In questo secondo caso, infatti, il professionista sarà legittimato a fornire la c.d. prova contraria, ovvero avrà la facoltà di dimostrare la validità della clausola in questione in quanto oggetto di specifica trattativa individuale fra le parti (in conformità a quanto previsto dall’art. 34, comma 4).

Ebbene, nel caso in esame la Cassazione ricorda che la clausola che attribuisca al mediatore il diritto alla provvigione anche nel caso di mancata effettuazione dell’affare per fatto imputabile al venditore, può presumersi vessatoria se le parti non abbiano espressamente pattuito un meccanismo di adeguamento di tale importo all’attività sino a quel momento concretamente espletata dal mediatore.
In caso contrario infatti, potrebbero verificarsi situazioni di indebito arricchimento ai danni del contraente debole.

Inoltre, secondo la Corte, anche qualora il professionista dimostri d’aver negoziato con il consumatore quella specifica clausola, resta comunque un dovere d’ufficio del Giudice quello di accertare la natura vessatoria di una clausola inserita in un contratto fra consumatore e professionista, e ciò al fine di ovviare allo squilibrio che esiste fra le parti.

La Suprema Corte pertanto, accogliendo il ricorso dei venditori, ha pronunciato i seguenti principi di diritto:

“ La clausola che attribuisca al mediatore il diritto alla provvigione anche in caso di recesso da parte del venditore può presumersi vessatoria quando il compenso non trova giustificazione nella prestazione svolta dal mediatore.
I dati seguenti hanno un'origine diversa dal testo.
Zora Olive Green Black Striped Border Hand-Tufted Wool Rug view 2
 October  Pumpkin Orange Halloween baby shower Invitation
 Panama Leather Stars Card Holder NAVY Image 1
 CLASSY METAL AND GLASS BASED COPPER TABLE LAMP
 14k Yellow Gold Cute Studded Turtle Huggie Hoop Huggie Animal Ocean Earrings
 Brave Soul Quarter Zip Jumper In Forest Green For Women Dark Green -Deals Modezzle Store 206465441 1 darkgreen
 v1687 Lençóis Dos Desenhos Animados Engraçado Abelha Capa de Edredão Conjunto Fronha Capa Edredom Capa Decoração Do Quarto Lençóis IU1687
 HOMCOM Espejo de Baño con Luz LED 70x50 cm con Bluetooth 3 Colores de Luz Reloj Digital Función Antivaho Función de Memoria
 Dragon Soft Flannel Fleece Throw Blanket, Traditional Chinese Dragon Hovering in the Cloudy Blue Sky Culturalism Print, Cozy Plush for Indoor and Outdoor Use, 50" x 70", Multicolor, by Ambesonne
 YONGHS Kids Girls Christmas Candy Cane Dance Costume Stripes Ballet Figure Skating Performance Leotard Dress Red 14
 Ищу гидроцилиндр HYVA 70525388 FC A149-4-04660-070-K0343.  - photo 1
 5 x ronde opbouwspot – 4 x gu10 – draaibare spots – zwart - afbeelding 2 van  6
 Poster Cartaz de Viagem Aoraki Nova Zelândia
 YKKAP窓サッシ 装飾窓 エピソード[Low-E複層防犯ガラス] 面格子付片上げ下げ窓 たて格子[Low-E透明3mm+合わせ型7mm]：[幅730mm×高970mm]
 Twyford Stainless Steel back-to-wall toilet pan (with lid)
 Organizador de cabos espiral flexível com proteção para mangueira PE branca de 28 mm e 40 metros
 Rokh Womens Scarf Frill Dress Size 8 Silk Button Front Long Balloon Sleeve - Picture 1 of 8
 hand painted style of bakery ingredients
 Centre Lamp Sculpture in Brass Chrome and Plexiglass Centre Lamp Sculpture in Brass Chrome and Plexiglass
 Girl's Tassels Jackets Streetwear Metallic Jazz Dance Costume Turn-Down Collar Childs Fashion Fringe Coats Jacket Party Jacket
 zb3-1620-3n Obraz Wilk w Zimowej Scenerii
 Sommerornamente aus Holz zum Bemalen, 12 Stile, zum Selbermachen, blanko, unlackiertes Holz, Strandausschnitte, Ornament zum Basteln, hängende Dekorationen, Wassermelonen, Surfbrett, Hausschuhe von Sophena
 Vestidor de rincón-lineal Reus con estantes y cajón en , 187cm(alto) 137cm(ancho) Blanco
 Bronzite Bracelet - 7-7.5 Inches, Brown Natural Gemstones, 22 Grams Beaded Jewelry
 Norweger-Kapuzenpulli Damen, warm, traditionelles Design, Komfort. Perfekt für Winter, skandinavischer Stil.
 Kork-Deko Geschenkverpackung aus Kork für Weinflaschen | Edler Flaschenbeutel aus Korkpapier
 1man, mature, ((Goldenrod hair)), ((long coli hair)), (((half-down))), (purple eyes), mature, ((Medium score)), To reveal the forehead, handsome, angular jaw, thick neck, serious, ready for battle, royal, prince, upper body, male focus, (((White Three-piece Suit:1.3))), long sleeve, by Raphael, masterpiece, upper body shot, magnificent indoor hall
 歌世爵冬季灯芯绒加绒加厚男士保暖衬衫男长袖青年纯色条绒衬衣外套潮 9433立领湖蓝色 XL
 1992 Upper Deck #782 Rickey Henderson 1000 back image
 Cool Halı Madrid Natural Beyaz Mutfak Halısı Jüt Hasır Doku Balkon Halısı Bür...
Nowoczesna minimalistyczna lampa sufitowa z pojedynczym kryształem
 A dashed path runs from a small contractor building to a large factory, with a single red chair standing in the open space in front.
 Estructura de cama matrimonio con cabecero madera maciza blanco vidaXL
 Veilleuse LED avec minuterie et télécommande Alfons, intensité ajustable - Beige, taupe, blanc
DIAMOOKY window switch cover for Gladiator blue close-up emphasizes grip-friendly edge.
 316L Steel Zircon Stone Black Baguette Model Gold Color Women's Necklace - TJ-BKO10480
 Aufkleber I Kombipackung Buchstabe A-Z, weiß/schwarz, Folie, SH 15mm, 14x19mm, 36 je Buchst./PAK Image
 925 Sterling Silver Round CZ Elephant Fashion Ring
E’ compito del giudice di merito valutare se una qualche attività sia stata svolta dal mediatore attraverso le attività propedeutiche e necessarie per la ricerca di soggetti interessati all’acquisto del bene”.

“Si presume vessatoria la clausola che consente al professionista di trattenere una somma di denaro versata dal consumatore se quest’ultimo non conclude il contratto o recede da esso, senza prevedere il diritto del consumatore di esigere dal professionista il doppio della somma corrisposta se è quest’ultimo a non concludere il contratto oppure a recedere”.